Jahad Thomas

No. 31, 34
- Position: Running back

Personal information
- Born: November 6, 1995 (age 30) Elizabeth, New Jersey, U.S.
- Listed height: 5 ft 10 in (1.78 m)
- Listed weight: 190 lb (86 kg)

Career information
- High school: Elizabeth (NJ)
- College: Temple
- NFL draft: 2017: undrafted

Career history
- Dallas Cowboys (2017)*; New York Jets (2017); Winnipeg Blue Bombers (2018)*; Memphis Express (2019)*; San Diego Fleet (2019)*;
- * Offseason and/or practice squad member only

Awards and highlights
- First-team All-AAC (2015); Second-team All-AAC (2016);
- Stats at Pro Football Reference

= Jahad Thomas =

American football player (born 1995)

Jahad Thomas (born November 6, 1995) is an American former professional running back. He played college football at Temple University, where he earned second-team All-American Athletic Conference honors in 2016. He was signed by the Dallas Cowboys as an undrafted free agent after the 2017 NFL draft.

==Early life==
Thomas was born to Connie Thomas and Eddie Roberts in Elizabeth, New Jersey. Thomas was a two-sport athlete at Elizabeth High School where he played both football and basketball. Thomas captained both teams. In football, Thomas played both running back and cornerback. He played alongside his college quarterback, Phillip Walker who currently plays for the Cleveland Browns.

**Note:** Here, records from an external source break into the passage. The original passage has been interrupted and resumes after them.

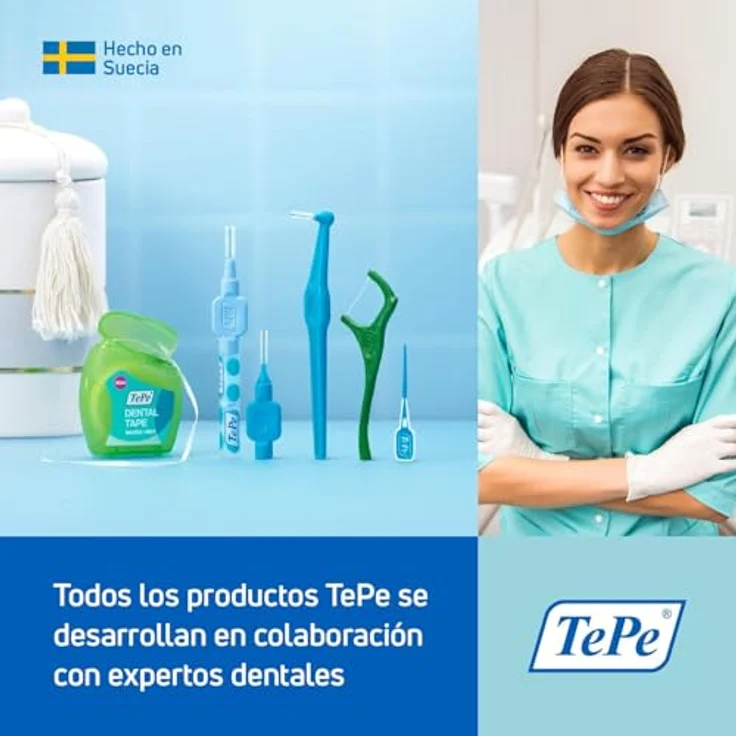 TePe Angle Interdentalbürste Blau ISO Größe 3: 0,6 mm - Kontrollierte Reinigung der Zahnzwischenräume auch an schwer zugänglichen Stellen - 1 x 6 Angle Interdentalbürsten Interdentalbürsten – Bild 6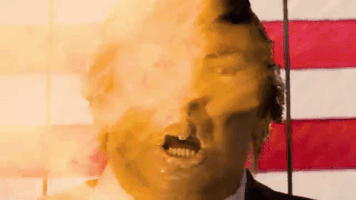donald trump flag GIF by Super Deluxe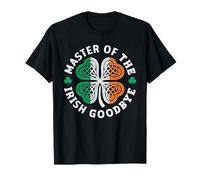 Master of The Irish Goodbye Lucky Celtic Knot 4 Leaf Clover T-Shirt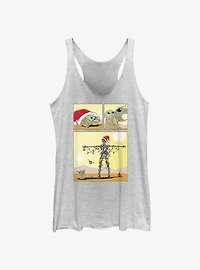 Star Wars The Mandalorian Grogu Christmas Comic Girls Tank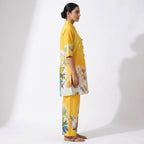 Blueverra Women’s Yellow Floral Printed Co-ord Set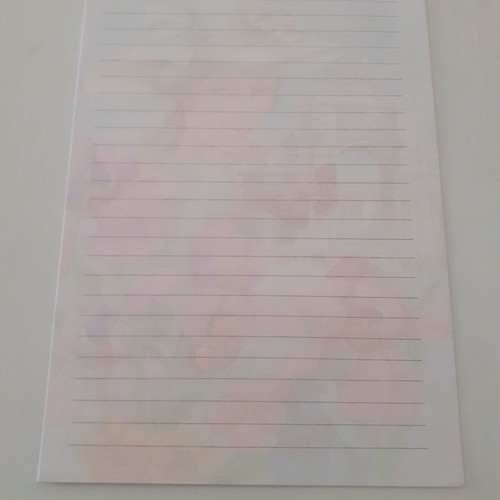 Letter papers new, pack of 6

Coming out of high school, Thomas was ranked as three-star prospect by ESPN and the fourth best running back in the state of New Jersey. Thomas also played in the North-South All-Star Football Game.

==College career==
Thomas decided to sign with the Temple Owls in 2013. In his freshman team with the Owls, Thomas served as the team's kick returner. He missed a game against the Army Black Knights with a knee injury. His special teams play was good enough to warrant a spot on Phil Steele's All-Conference Third-team.

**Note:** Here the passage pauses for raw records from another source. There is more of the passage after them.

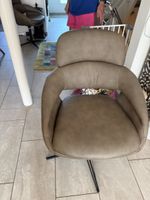 6 mal Leder Esszimmer stuhlen vom Designer Emilio Belluti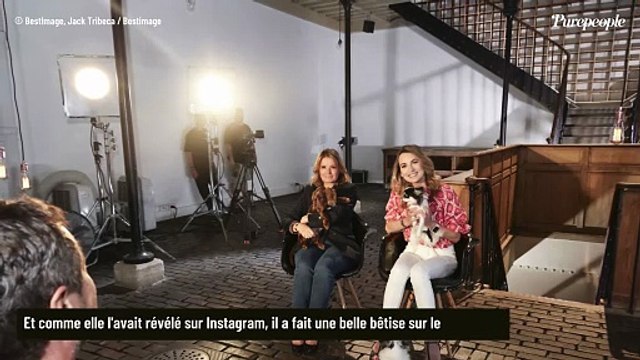 Pascale de La Tour du Pin prise de court en pleine émission par un geste inattendu de son compagnon Achille, adopté il y a plusieurs mois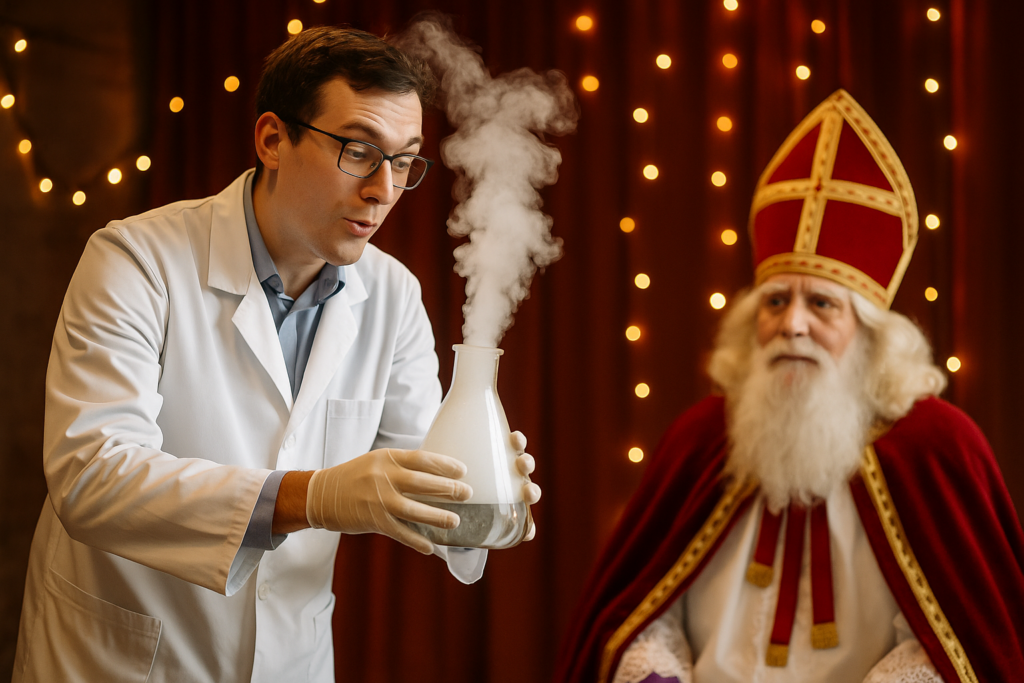 Proefjeslab als voorprogramma bij het Sinterklaasfeest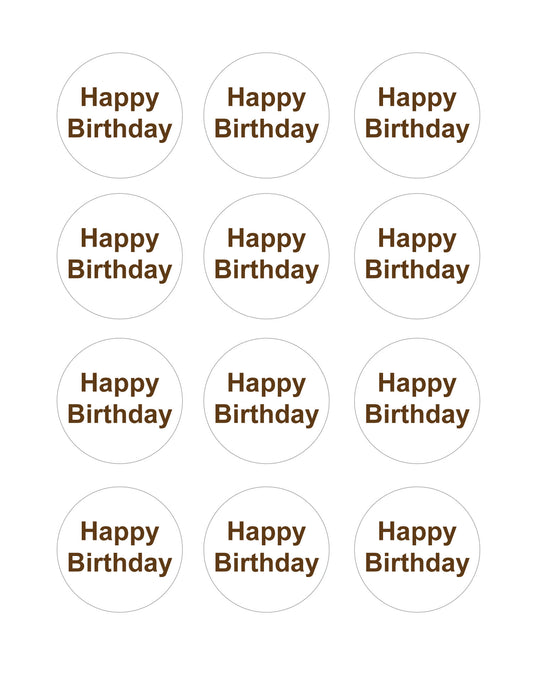 Printable happy birthday cupcake toppers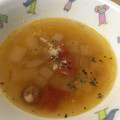 mantacarp's cooksnap of when they made トマトと大根のコンソメスープ♪.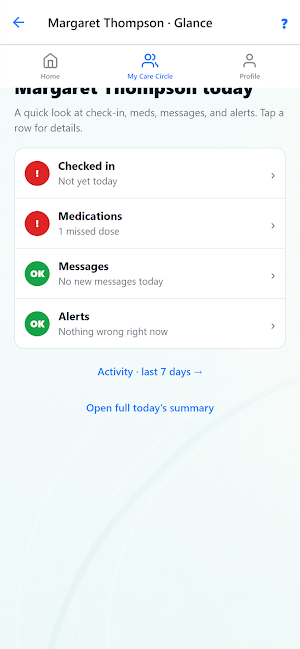 My Life Simplified: Caregiver Screenshot 2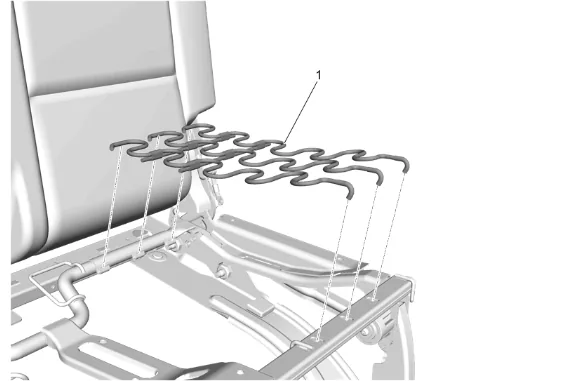3rd Row Seat Cushion Frame Replacement (40 Percent) — figure 7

During the summer before his Sophomore year at Temple, Thomas transitioned into becoming a full-time running back. He did not start in the team's first game against Vanderbilt, but led the team with 44 yards on 12 carries. Temple went on to win that game. Later in the year, Thomas made his first start against Navy. His best start of the season came against Tulsa when he ran for 152 yards and caught a 20-yard touchdown, the first of his Temple career.

Thomas' best year came as a Junior. He led Temple's offense with 1,262 rushing yards, 1,677 all-purpose yards, and scored 114 points. That year, Temple went 10–4 and 7–1 in the American Athletic Conference. On October 31, 2015, College Gameday was held in Philadelphia for Temple vs. Notre Dame. Temple went on to appear in the 2015 American Athletic Conference Football Championship Game and the 2015 Boca Raton Bowl.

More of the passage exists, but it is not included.